From: Peter Zijlstra
Date: Fri Jun 14 2019 - 09:48:35 EST


On Fri, Jun 14, 2019 at 04:28:36PM +0300, Kirill A. Shutemov wrote:
> On Fri, Jun 14, 2019 at 01:04:58PM +0200, Peter Zijlstra wrote:
> > On Fri, Jun 14, 2019 at 11:34:09AM +0200, Peter Zijlstra wrote:
> > > On Wed, May 08, 2019 at 05:43:33PM +0300, Kirill A. Shutemov wrote:
> > >
> > > > + lookup_page_ext(page)->keyid = keyid;
> >
> > > > + lookup_page_ext(page)->keyid = 0;
> >
> > Also, perhaps paranoid; but do we want something like:
> >
> > static inline void page_set_keyid(struct page *page, int keyid)
> > {
> > /* ensure nothing creeps after changing the keyid */
> > barrier();
> > WRITE_ONCE(lookup_page_ext(page)->keyid, keyid);
> > barrier();
> > /* ensure nothing creeps before changing the keyid */
> > }
> >
> > And this is very much assuming there is no concurrency through the
> > allocator locks.
>
> There's no concurrency for this page: it has been off the free list, but
> have not yet passed on to user.
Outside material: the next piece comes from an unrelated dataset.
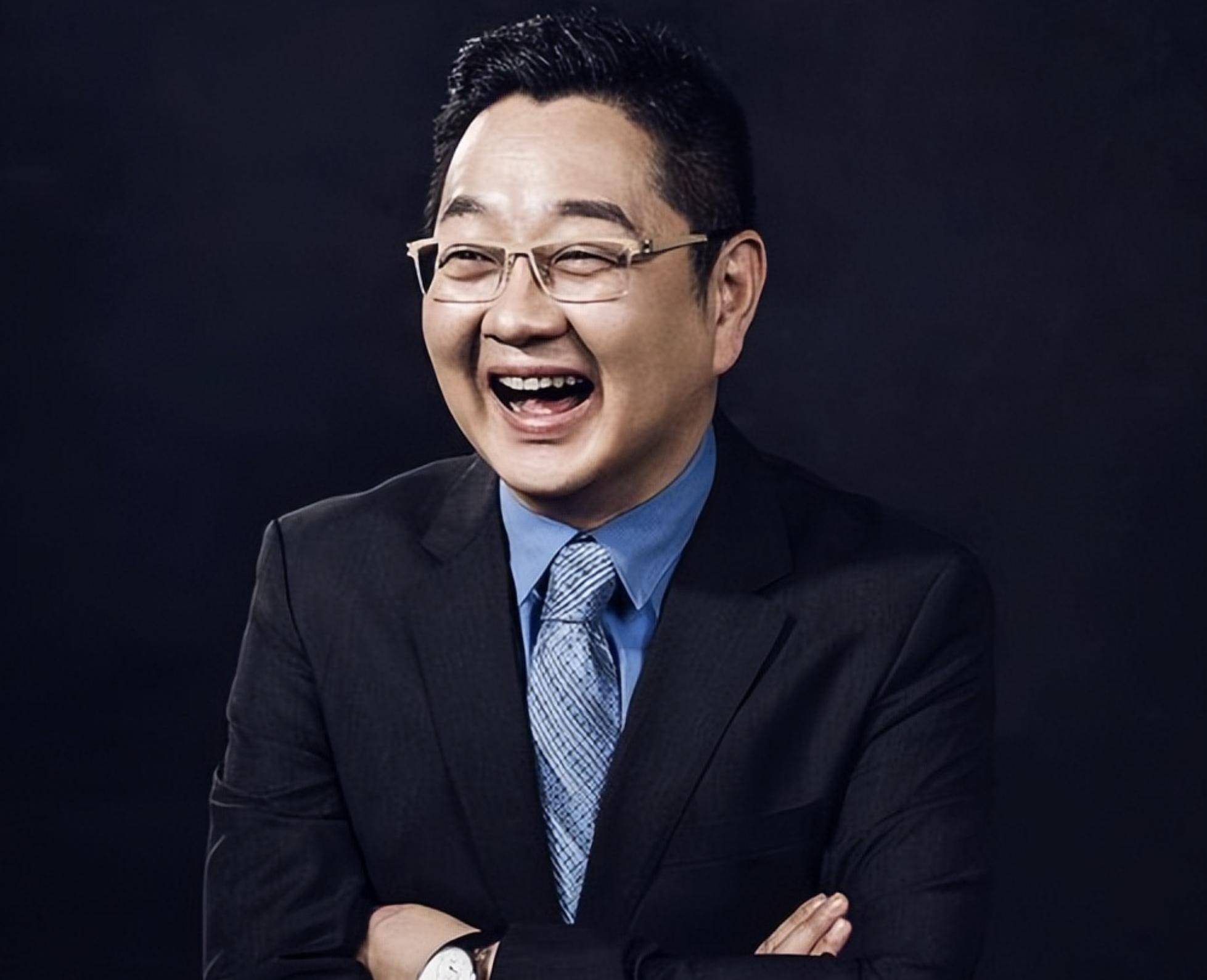 从央视名嘴到跳梁小丑跌下神坛的张绍刚到底做错了什么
Nobody else sees the page before
> allocation is finished.
>
> And barriers/WRITE_ONCE() looks excessive to me. It's just yet another bit
> of page's metadata and I don't see why it's has to be handled in a special
> way.
>
> Does it relax your paranoia? :P

Not really, it all 'works' because clflush_cache_range() includes mb()
and page_address() has an address dependency on the store, and there are
no other sites that will ever change 'keyid', which is all kind of
fragile.

At the very least that should be explicitly called out in a comment.